- The Washington Times - Saturday, May 17, 2003


U.S. journalist expelled by Mugabe regime

HARARE — Defying court orders, Zimbabwe immigration officials deported yesterday a U.S. journalist accused of violating the country’s stringent new media laws.

Andrew Meldrum, a correspondent for the London-based Guardian newspaper who has lived in Zimbabwe for 23 years, was the fourth foreign journalist expelled from the country in the past two years.

Police blindfolded Mr. Meldrum and drove him around on dirt roads before taking him to the airport, despite a High Court ruling yesterday that found no justification for his detention.


Top Chirac aide ordered to stand trial

PARIS — A judge yesterday ordered the head of President Jacques Chirac’s political party to stand trial for a City Hall jobs scandal stemming from Mr. Chirac’s tenure as Paris mayor, judicial officials said.

Alain Juppe, considered a presidential contender in 2007, is one of dozens of Chirac allies targeted by judges investigating reports that some City Hall employees were working for the president’s party and cashing in on fake jobs during his time as mayor, from 1977 to 1995.


Shaky cease-fire marred by tribal skirmishes

BUNIA — Sporadic gunfire echoed in the hills surrounding a troubled northeastern Congolese town yesterday, hours after rival factions battling for control of the area agreed to stop fighting.

The cease-fire deal between the rival Hema and Lendu tribes was to go into effect by the end of the day, but it wasn’t clear how long it would hold. Tens of thousands of people have fled Bunia since the latest fighting broke out May 7 after neighboring Uganda withdrew more than 6,000 troops as part of efforts to end five years of civil war.


Epilepsy drug may help alcoholics kick the habit

LONDON — An epilepsy drug offers significant promise in helping alcoholics quit drinking and appears to be more effective than drugs in use for the problem, a study found.

Half the 55 alcoholics who took the antiseizure drug topiramate either quit drinking or cut back their drinking sharply.

Researchers found that those given the medication were six times as likely as those on a dummy pill to abstain from alcohol for a month, according to the report published yesterday in the Lancet.

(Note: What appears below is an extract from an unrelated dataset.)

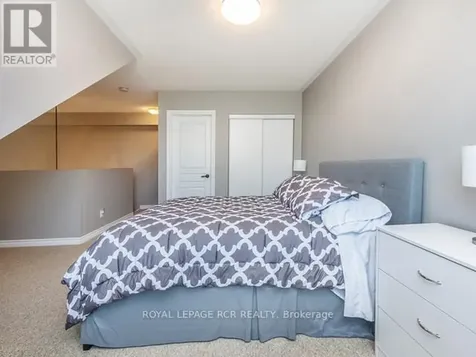 3 Brandy Lane Drive Collingwood ON L9Y 0X4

Court rules Chechens won’t go to Moscow

TBILISI — Georgia’s Supreme Court ruled yesterday that two Chechens wanted by Moscow will not be extradited to Russia and instead will be tried in a Georgian court.

The court overturned a decision by the prosecutor general’s office earlier this year to extradite Khussein Alkhanov and Ruslan Gelogayev to Russia for illegally crossing the Russian-Georgian border.

The men belonged to a group of 13 suspected of being Chechen separatist rebels arrested in August in Georgia’s lawless Pankisi Gorge, which Moscow says is used by rebels to stage attacks into neighboring Russian territory.


Money controls keep pageant hopeful home

CARACAS — For the first time in four decades, Miss Venezuela won’t compete in the Miss Universe pageant because of strict foreign-exchange controls imposed amid a general strike earlier this year.

The Miss Venezuela Organization announced yesterday that it was not able to obtain the dollars needed to send a candidate to the June 3 pageant in Panama.

In the past 24 years, the Miss Venezuela Organization’s contestants have won the three most important international beauty contests 12 times, more than any other country.